When I was asked to write a column about being a young single in Charleston, I immediately thought, “Why me?” I realized, though, that it’s a narcissistic question and much like fishing for compliments. Some of the best advice I’ve ever received was that when a gift is given, it’s best just to say thank you. So I did, and here I am.
I’m a 21-year-old student at the College of Charleston, studying creative writing and basic life survival skills. This is my fourth year in Charleston (I’m a Florida transplant — go Gators!) and I’ll be the first to admit that I know as much about love and dating as anyone reading this column, maybe less.
I’ve got the theory down pat, I’ve read He’s Just Not That Into You, and once in a while I find myself staring slack-jawed at an episode of Dr. Phil. But I’m no more qualified to give advice or come to startling conclusions about relationships than any other average Joe. I do, however, have a lot of experience in almost every facet of the guy/girl universe and a talent for telling my secrets to anyone who’ll listen. As a soon-to-be graduate student in poetry, I learned early on how to spill my guts on paper, pass it around a room, and watch my peers tear it apart.
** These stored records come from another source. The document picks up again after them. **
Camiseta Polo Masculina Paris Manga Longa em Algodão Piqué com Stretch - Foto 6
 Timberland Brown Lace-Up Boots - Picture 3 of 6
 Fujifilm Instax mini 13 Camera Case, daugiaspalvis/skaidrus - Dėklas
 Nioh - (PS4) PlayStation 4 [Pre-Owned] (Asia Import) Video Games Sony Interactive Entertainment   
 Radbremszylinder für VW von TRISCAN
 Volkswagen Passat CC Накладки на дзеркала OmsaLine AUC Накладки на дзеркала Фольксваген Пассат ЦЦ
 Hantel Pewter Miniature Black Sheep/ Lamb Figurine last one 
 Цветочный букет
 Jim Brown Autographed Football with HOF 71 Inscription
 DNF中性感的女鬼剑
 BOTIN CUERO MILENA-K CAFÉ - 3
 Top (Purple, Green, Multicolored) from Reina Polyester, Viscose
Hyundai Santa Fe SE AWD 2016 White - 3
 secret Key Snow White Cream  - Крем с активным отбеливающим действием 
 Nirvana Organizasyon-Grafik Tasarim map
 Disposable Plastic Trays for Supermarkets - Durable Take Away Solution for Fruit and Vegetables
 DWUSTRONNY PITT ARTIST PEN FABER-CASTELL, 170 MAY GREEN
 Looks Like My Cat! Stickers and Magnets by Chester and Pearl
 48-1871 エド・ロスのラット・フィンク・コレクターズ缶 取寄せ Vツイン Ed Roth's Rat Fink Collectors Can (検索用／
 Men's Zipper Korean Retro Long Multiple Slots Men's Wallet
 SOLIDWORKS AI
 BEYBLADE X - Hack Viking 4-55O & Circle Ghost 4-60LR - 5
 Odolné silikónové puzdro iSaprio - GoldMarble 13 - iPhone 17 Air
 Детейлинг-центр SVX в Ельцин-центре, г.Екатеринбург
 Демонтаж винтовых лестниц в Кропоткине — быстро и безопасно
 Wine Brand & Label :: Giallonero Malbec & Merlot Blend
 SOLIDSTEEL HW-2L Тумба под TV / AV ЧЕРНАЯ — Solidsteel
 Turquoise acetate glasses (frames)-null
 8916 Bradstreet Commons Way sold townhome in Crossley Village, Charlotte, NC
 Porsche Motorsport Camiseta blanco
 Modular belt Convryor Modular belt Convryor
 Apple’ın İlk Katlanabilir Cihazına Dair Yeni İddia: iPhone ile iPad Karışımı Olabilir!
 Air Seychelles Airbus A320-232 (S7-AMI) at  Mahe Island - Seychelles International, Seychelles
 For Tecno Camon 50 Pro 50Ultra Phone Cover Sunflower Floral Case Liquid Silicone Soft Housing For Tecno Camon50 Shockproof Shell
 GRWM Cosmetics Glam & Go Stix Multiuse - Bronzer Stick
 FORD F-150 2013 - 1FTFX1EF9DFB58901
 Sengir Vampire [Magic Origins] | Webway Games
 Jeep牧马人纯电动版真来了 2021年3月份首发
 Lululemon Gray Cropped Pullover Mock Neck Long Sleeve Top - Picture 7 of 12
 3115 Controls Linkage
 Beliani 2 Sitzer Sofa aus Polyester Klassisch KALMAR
Besides this being my first-ever column, I recently had my first turn at being dumped. I always laugh at the word because it sounds so middle-school. But, in my case, it’s the most appropriate choice. The squirrelly loser boyfriend obsessed with online role-playing games who I’d been looking to leave by the roadside beat me to the punch. After a year of dating him, I was suddenly consumed with an urge to get the fuck outta dodge.
The streets of Chuck seemed suddenly sinister, as if my ex and his new girl were lurking around every corner, just waiting to rub their hand-holding and shit-eating grins in my face. My gangsta-rap-on-iPod-blast-plus-huge-sunglasses approach wasn’t doing the trick. So when my friend and ex-pat Charlestonian, Cooper (a boyfriend that never was, due to distance and circumstance), mentioned that he’d just moved to Brooklyn, it was game on.
I borrowed fashionable coats and scarves from my friends from the north and pictured Cooper and me strolling through Central Park holding hands like a good-looking couple in a DeBeers commercial. I wanted to wander around MoMA until my eyes went fuzzy — anything to feel fun or smart, and wanted.
And we did. We did all those New York City things that a girl and a guy would look cute doing, especially while bundled up in huge coats and pom-pom hats, pink noses and all. We were the couple that made people want to throw up on the subway due to excessive PDA. We ate romantic, red wine-fueled dinners in Little Italy, giggling and kissing each other’s foreheads at every opportunity.
Cheesy, I know, but it worked! I was so caught up in my New York fantasy that the only time I thought about my ex was to laugh at the fact that he was probably slipping his underage girlfriend Smirnoff Ices at Tonik’s college night while I sipped champagne in Manhattan.
And then it was over. A $35 taxi ride to LaGuardia and the fairy tale turned into a delayed flight nightmare that even a brand-new issue of Rolling Stone and an ice cold Diet Coke couldn’t temper. Then I noticed a huge poster, part of a travel agency’s ad campaign, that read, “Cheat on New York City.”
I got the hint. I wasn’t going to be able to cheat on my life, and cheat on Charleston, forever. Cooper is not my boyfriend, no matter how much we pretend. I moved to the Holy City almost four years ago, loved it from the start, and I still do. I don’t get to punk out every time something goes wrong, and I’m going to have to deal with the occasional ex around town, no matter how awkward. I don’t have the time or the cash flow to hop around the country on airplanes trying to deal with the fact that someone didn’t want me anymore.
A walk around the Battery or an hour with a book and some iced tea on my front porch, that’s romance. Charleston has been too beautiful for too long for some asshole to ruin it for me. This town may not be big enough for the both of us, but it’s going to have to be.